Segment Open

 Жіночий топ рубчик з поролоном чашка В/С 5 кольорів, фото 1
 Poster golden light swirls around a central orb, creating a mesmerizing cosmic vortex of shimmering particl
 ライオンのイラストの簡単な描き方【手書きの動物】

Segment Closed
Segment Open

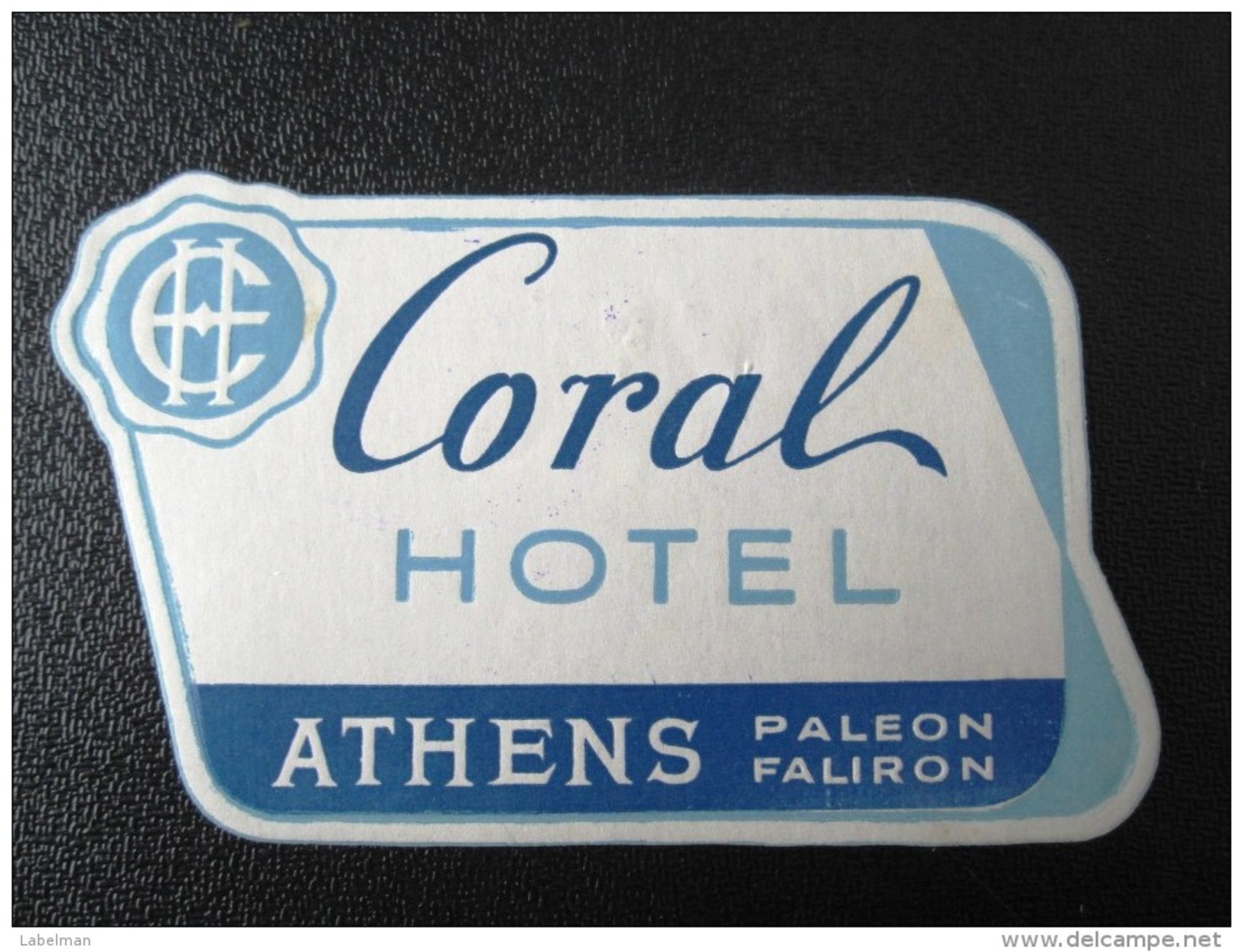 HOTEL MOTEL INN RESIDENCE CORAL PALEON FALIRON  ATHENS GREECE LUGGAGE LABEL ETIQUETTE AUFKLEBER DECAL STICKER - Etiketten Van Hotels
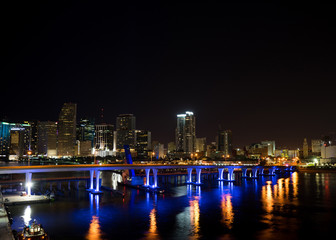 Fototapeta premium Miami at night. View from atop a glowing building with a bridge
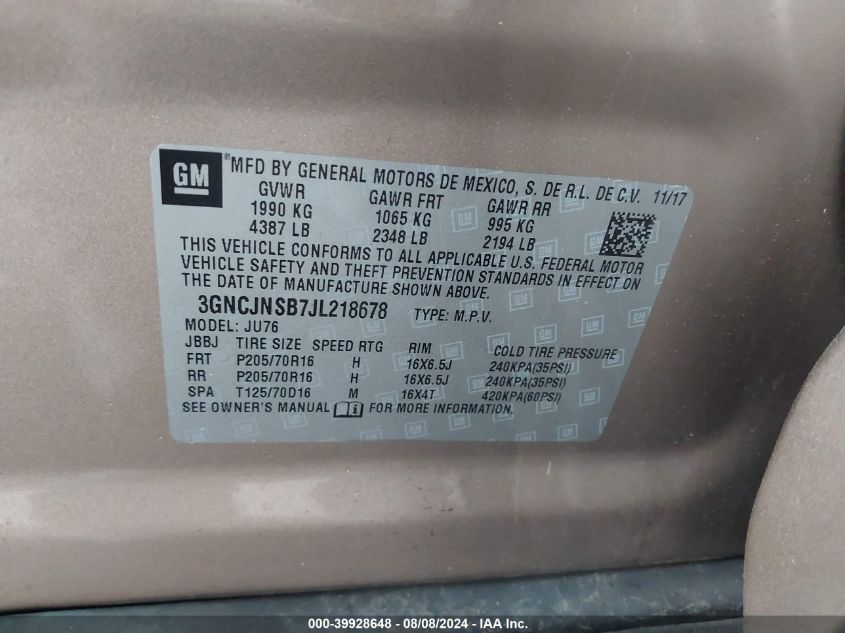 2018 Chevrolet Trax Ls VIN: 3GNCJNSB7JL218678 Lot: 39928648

Segment Closed

- [TRY IT]
Repeat exactly the lines above from the one with "Жіночий топ рубчик" up to and including the one with "ライオンのイラストの簡単な描き方【手書きの動物】". No other line belongs in the reply.

- [SOLVED PROBLEM]
 Жіночий топ рубчик з поролоном чашка В/С 5 кольорів, фото 1
 Poster golden light swirls around a central orb, creating a mesmerizing cosmic vortex of shimmering particl
 ライオンのイラストの簡単な描き方【手書きの動物】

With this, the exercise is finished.